I processi produttivi sono automatizzati ovunque; si “globalizzano” e avanzano i robot e le catene produttive a controllo digitale. Nei settori industriali e nei servizi.
I governi europei ammettono a denti stretti che il ciclo economico è decisamente negativo; una “stagnazione” (e deflazione) che può durare anni. Il problema non è più l’offerta bensì la domanda di merci: una crisi, a questo punto “più lunga e profonda di quella del 1929”. Gli strumenti per superarla appaiono in partenza ferri vecchi e arrugginiti, mentre il capitale si dispera di fronte al declino dei prezzi delle merci e del corso delle azioni.

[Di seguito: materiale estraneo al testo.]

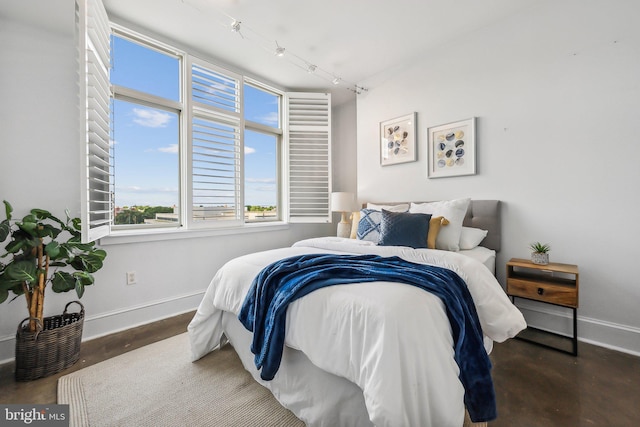 bedroom featuring baseboards, finished concrete flooring, and rail lighting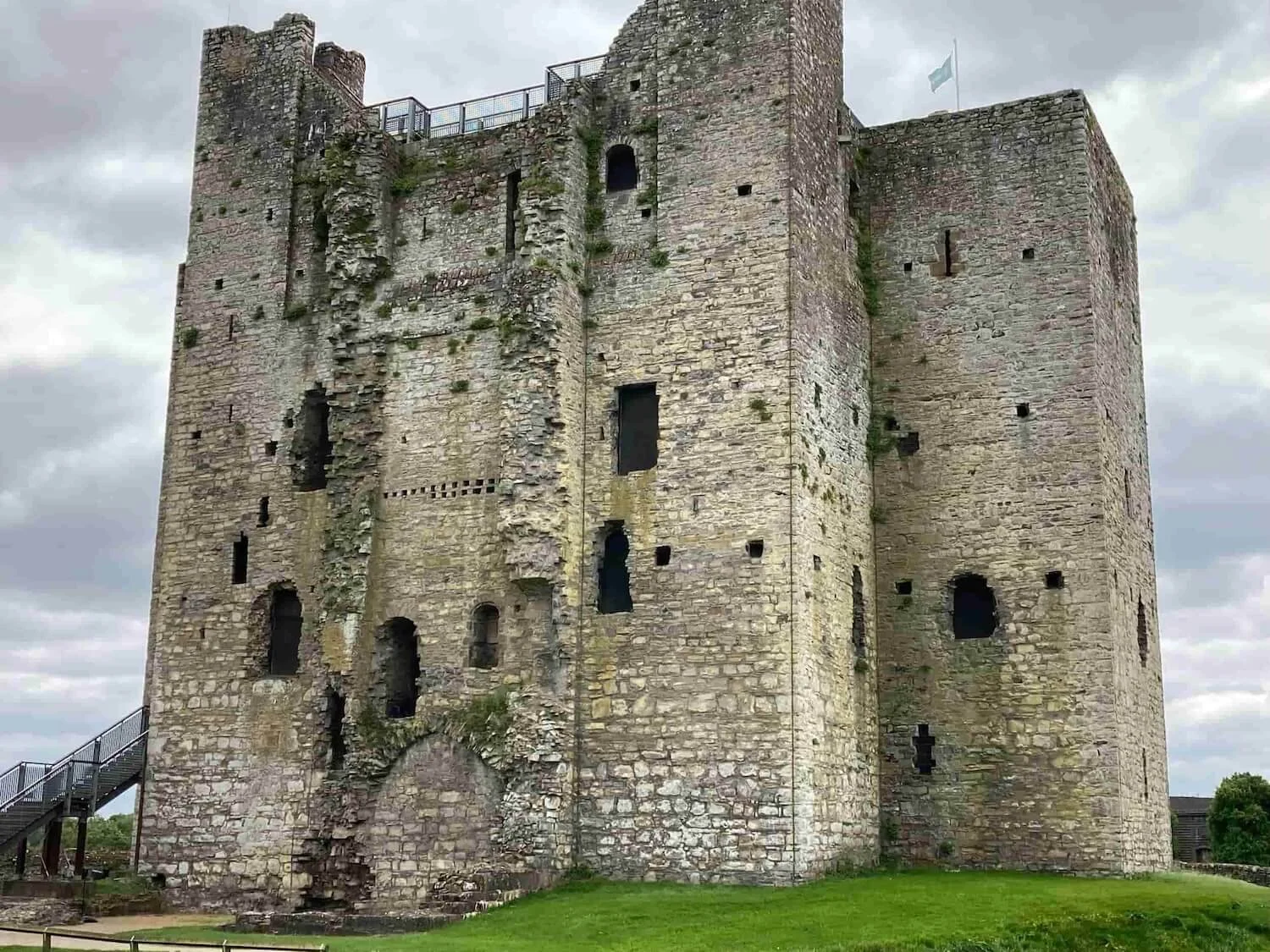 trim castle rising above a green lawn into a cloudy sky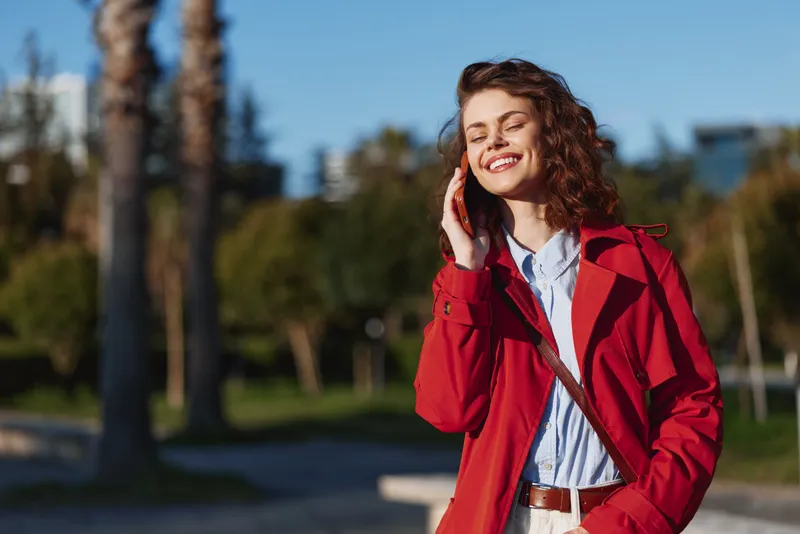 A young woman with curly hair wearing a red coat smiles while talking on a phone in a sunny park, conveying casual connection, confidence, and a candid outdoor moment.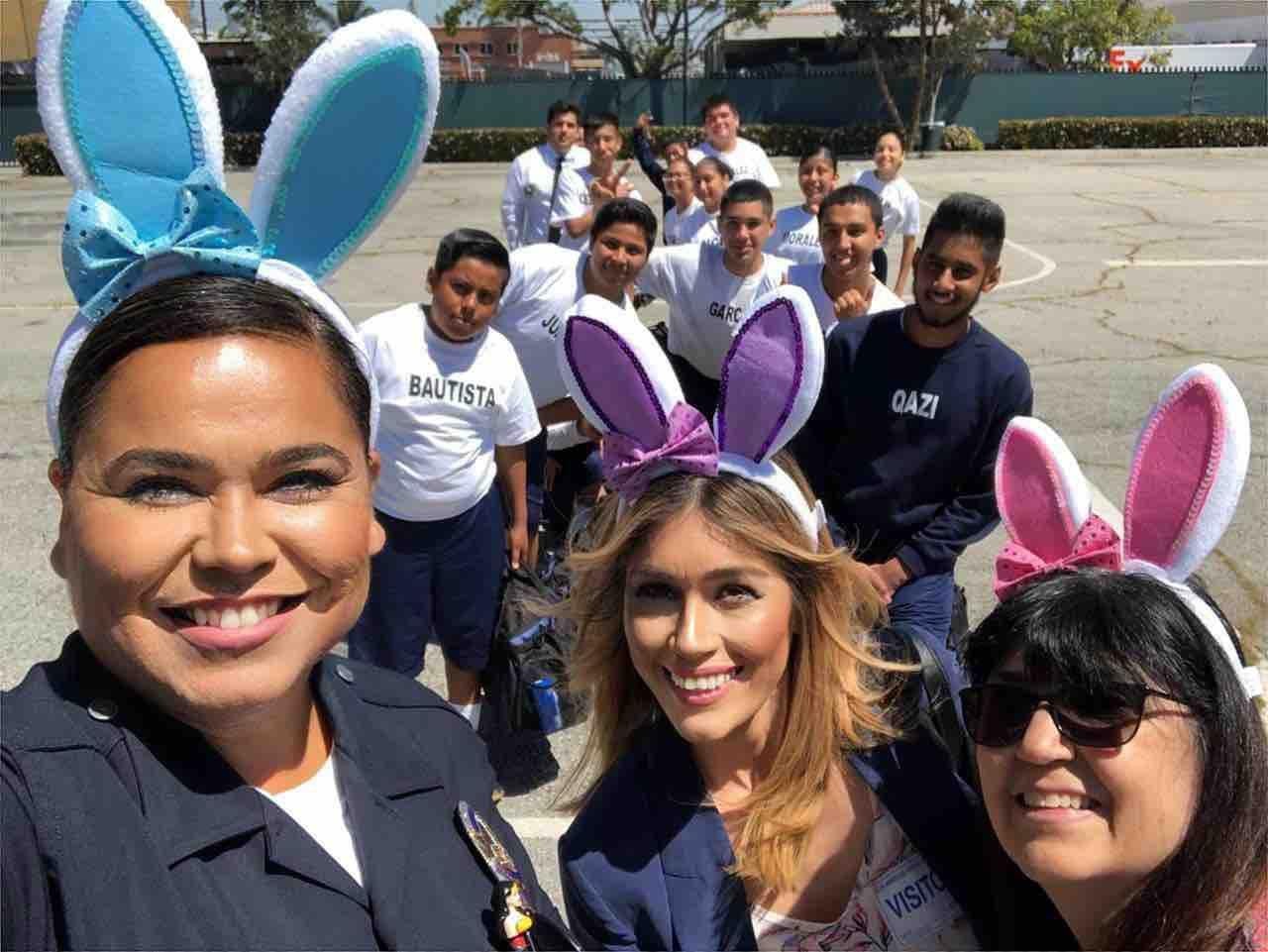 Officers and cadets dressing up with Easter rabbit ears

In Italia, col Pil che si mantiene attorno allo zero, la nostrana classe dirigente si tinge di nazional-populismo in salsa rosa: si toglie giacca e cravatta e si inventa manovre correttive che durano lo spazio di una settimana. Si dissolvono i miraggi di “coerenti” politiche industriali; le riforme della Pubblica Amministrazione si riducono a continui tagli di dipendenti. Poi – ma possibile che queste “logiche” demenziali siano accettate con totale sottomissione? – si piange sulla scarsa domanda di mercato e s’invocano, ancora, “nuove politiche industriali, trasferimenti tecnologici, innovazioni organizzative e del lavoro, investimenti per l’economia digitale”, ecc. Così si “contrasterebbe” la crisi, nel più assoluto rispetto delle partite doppie, del dare-avere ragionieristico senza del quale il capitalismo muore. Ed è con siffatte turlupinature che si cerca di annebbiare ulteriormente una coscienza di classe che (seppure ancora latitante…) potrebbe vedere, anche inaspettatamente, la luce e ridare la carica al risveglio del proletariato.